Firm favourite with families on Waterloo Road for €1.55m

Fine three-bedroom Ballsbridge family home is in turnkey condition

  • Address: 66 Waterloo Road Ballsbridge Dublin 4
  • Price: € 1,550,000
  • Agent: Sherry FitzGerald
 

Waterloo Road’s popularity as a Dublin residential location is nothing new. In the 1840s, when the Earl of Pembroke began leasing portions of his Ballsbridge estate for development, it was on the understanding that spacious, redbrick houses would be built for “upper-class families”.

Dublin City Council archives and Thom’s Directory shed an interesting light on the inhabitants of the road. In 1913, Number 66 – a fine mid-terrace redbrick extending to 232sq m (2,500sq ft) – was listed as “a house with a small garden” owned by a Miss Josephine Major.

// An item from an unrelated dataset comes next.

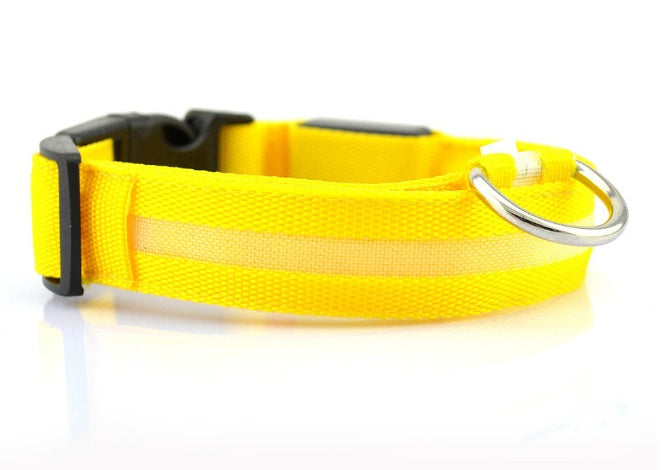 Light-Up LED Collar – Fun & Safety for Dogs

And as far back as 1862, 34 of the 89 houses on this desirable road joining Baggot Street at one end and Upper Leeson Street at the other, were listed as owned by women which is quite remarkable given the times.

Today many of these houses have been converted back to family use having operated as flats accommodation in the intervening decades.

Interconnecting reception rooms.
Interconnecting reception rooms.
Interconnecting reception rooms.
Interconnecting reception rooms.

“Since we bought the house in 2013 [for €1.3 million according to the Property Price Register] it has really changed, as there are now so many young families for our kids to play with,” says the owner of number 66.

“When we bought, the same family had lived here for 80 years, and very little had been done in that time. But we got a really good feeling from it and the locality is really magic for children,” she adds. Now they are trading “sideways” to gain an extra bedroom for her four young children.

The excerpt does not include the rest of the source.